▸ **Instructions to follow**:
Every line below that has "Schwarz" in it should be copied.

▸ **Data entries**:

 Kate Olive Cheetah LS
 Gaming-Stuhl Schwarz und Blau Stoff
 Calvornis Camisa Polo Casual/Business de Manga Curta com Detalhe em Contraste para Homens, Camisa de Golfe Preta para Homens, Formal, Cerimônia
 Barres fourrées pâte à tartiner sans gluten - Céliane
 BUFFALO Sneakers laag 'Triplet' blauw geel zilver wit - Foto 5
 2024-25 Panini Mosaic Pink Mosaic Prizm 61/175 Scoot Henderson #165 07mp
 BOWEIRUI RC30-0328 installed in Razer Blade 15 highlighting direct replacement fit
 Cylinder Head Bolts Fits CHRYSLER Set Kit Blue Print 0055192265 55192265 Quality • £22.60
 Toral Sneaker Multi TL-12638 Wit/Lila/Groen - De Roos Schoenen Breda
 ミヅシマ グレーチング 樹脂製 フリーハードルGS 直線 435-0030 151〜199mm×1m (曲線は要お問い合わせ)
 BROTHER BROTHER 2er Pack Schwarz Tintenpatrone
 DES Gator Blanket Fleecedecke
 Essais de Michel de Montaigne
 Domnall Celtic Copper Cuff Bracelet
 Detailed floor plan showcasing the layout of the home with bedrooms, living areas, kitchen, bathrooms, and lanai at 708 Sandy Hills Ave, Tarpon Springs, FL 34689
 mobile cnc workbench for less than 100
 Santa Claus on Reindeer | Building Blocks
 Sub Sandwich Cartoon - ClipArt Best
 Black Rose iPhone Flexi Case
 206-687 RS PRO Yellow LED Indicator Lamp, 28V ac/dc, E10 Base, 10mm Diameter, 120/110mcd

▸ **Final answer**:
 Gaming-Stuhl Schwarz und Blau Stoff
 BROTHER BROTHER 2er Pack Schwarz Tintenpatrone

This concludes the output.